映画「チェ 28歳の革命」
スティーヴン・ソダーバーグ監督を贔屓(ひいき)にしてる者は、このチェ・ゲバラ2部作を見逃したくないと思うだろう。(主演ベニチオ・デル・トロはカンヌで主演男優賞を受賞。)
昨日は「チェ 28歳の革命」ロードショー初日。劇場はほぼ一杯だった。
ソダーバーグらしい知性的なアプローチ。しかし技巧は緻密に仕込まれ、むしろ淡々と描かれている風だった。
革命が成就するまでの戦いの時間を縦軸に、NYを訪れ国際連合で演説する64年のモノクロームが横糸として織り込まれる。
戦いの現実と神話化されたカリスマ性とを往復しながら、チェ・ゲバラという人物と映画は併走する。
もっと劇的に描けたろうし、もっと英雄的に描けたろう。
しかし、そう描かない。
七年間リサーチを重ねて得たエピソードが紡がれた。そうパンフで読んだ。だから革命が成就する過程は英雄的行為よりも、読み書きを教えたり、医師として治療したり負傷者を運んだり、喘息に苦しんだりするチェを我々はみる。
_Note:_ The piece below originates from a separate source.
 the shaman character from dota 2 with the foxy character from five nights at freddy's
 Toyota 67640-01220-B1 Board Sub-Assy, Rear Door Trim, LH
デル・トロがカリスマ性をみせるのは、モノクロームの国際連合での演説シーンだ。
この第一部をみて、第二部「チェ 39歳別れの手紙」を見ない訳にはいかないと思った。28歳と39歳は「明」と「暗」であろうが、本当はゲバラは、ブレていないのでは?と予感した。
当時も今も、ブレる人間、ブレた生活をしてる政治家が多い中にあって、チェ・ゲバラは「ブレない人生」を貫いたのだろう。
個人的には森の中で戦いの合間の休息の時に、本を読んでいるゲバラがカッコよかった。
ゲバラがいまもなお世界中の若者にシンボルであり続けるのは、「革命家」としてでなく、「カッコいい男」のイコンだからと思う。
39歳の最期の341日間を、見届けておきたい。
2部の公開は1月31日(土)である。